漆黑的三更半夜,這一處的臥房燈火還亮著。

屋子裏光線雖略有些昏暗,但秦譽的五官棱角卻是看得十分清楚,他一雙眼睛在昏暗中,有淡淡的華彩流轉著,有著讓人移不開眼的力量。

誰說的,隻有女子的眼睛才會說話?男人的眼睛,一樣有說話的本事。蕭襲月將秦譽一雙眼睛裏翻湧的情緒看得很清楚。

他有心事!

蕭襲月將被子扯了側,將兩人一同蓋在了一張被子下,又伸手過去握住了秦譽的布了薄繭的手——

一場仗打回來,他虎口握劍的位置繭子又厚了不少,當是吃了不少苦。

或許別人隻看見了他風光和勇猛,沒有看見他手上的繭子,身上的傷痕。

“說吧,不必顧忌太多。你等了我一輩子,我若輕易將你棄了,豈不是太沒良心。”

聽來怎像是買賣似的?秦譽反手將蕭襲月的手握在手心中:“你便是這般想的?就沒有一點覺得,我其實也是個很不錯的男人麼?”

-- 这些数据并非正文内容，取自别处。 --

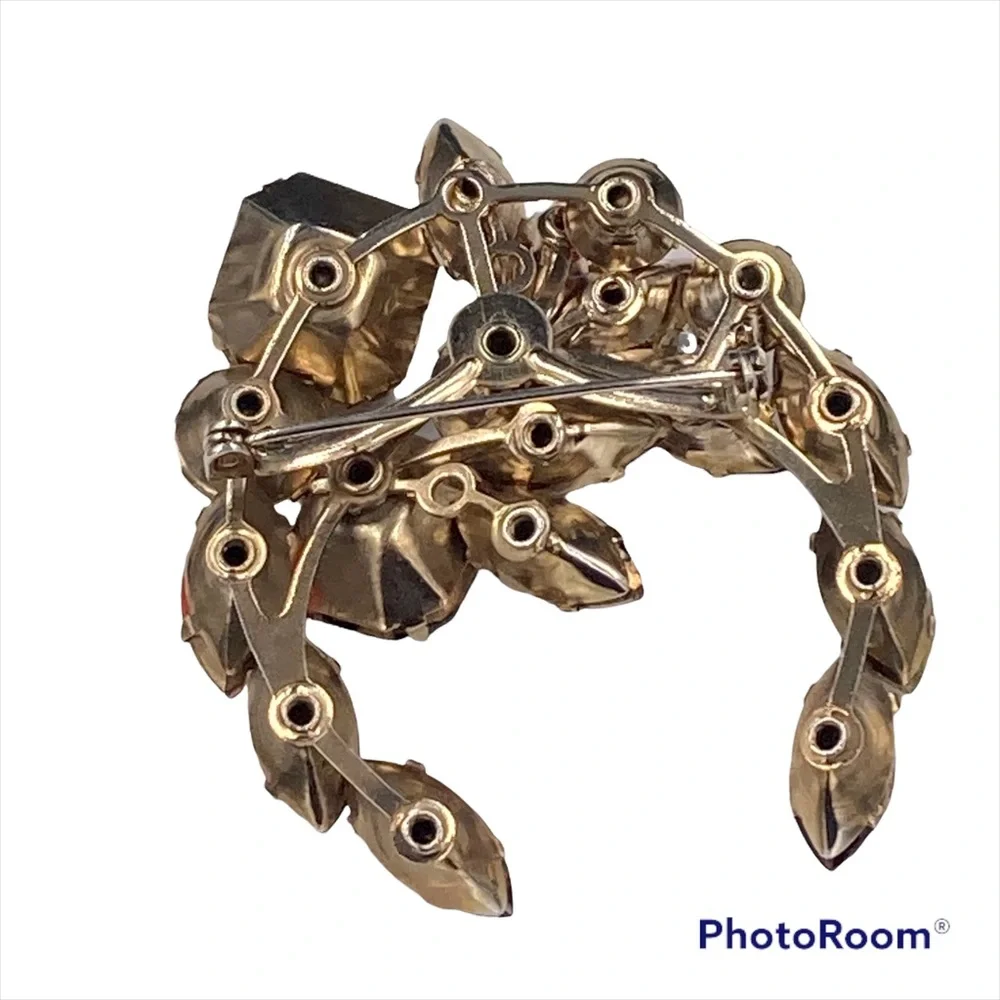 Stunning Vintage Topaz Rhinestone Swag Brooch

“……”蕭襲月有些無言,最後“無言”化作一絲笑,落在唇邊,靜靜等著男人說出他心頭的話。

秦譽微微默了默,一種沉沉的怒恨從眼底閃過。

蕭襲月在他眼中體會到一種冷漠,接著便聽他道:

“若我說娶鄭舒窈,你會不會生氣?”

一陣不長不短的沉默之後,蕭襲月很輕地說了兩個字:

“不會。”

“……為何?”

蕭襲月莞爾。“後院的側妃、美人也不少,多一個對我來說並沒有差別。再說,有人送銀子上門,若拒了豈不可惜。若有了國公府的金山,何愁今後糧草之憂。隻要你不嫌著她晃來晃去的礙眼,不怕我治她,便成。”

“還是你最明白我。我連我自己都讓給你治住了、身不由己,哪裏還管得了旁的人,你愛治便治吧。”

秦譽將蕭襲月摟進懷裏,沒有過多解釋今晚所探聽到的事,最後在蕭襲月快要睡著的時候,說了一句——

“終有一日,我會讓你成為這世上最幸福、尊貴的女人……”

蕭襲月在他寬厚的胸懷裏點頭“嗯”了一聲。比起從前的苦難日子,她現在已經很幸福了……

有家,有丈夫,有孩子。

第二日一早,秦譽便進了宮麵聖。大戰告捷,接下來便是封賞及賜婚之事。

蕭襲月起身之後,招來了顏暮秋。

“你去封信那兒打探打探,昨兒個夜裏他與殿下到底探聽了些什麼。”

秦譽昨夜眼中隱藏的怒火非同一般。究竟是鄭舒窈做了什麼事,讓他如此憤怒?封信那冷臉絡腮胡,和顏暮秋這白麵小殺手,似乎很聊得來。便讓顏暮秋去試試!

接下來,顏暮秋花了一日的功夫,使盡了渾身解數,都沒能撬開封信的嘴,隻差沒有被蕭襲月逼得塗上胭脂化作“秋兒”****了。最後,顏暮秋實在沒法,隻得作罷,來向蕭襲月領罪。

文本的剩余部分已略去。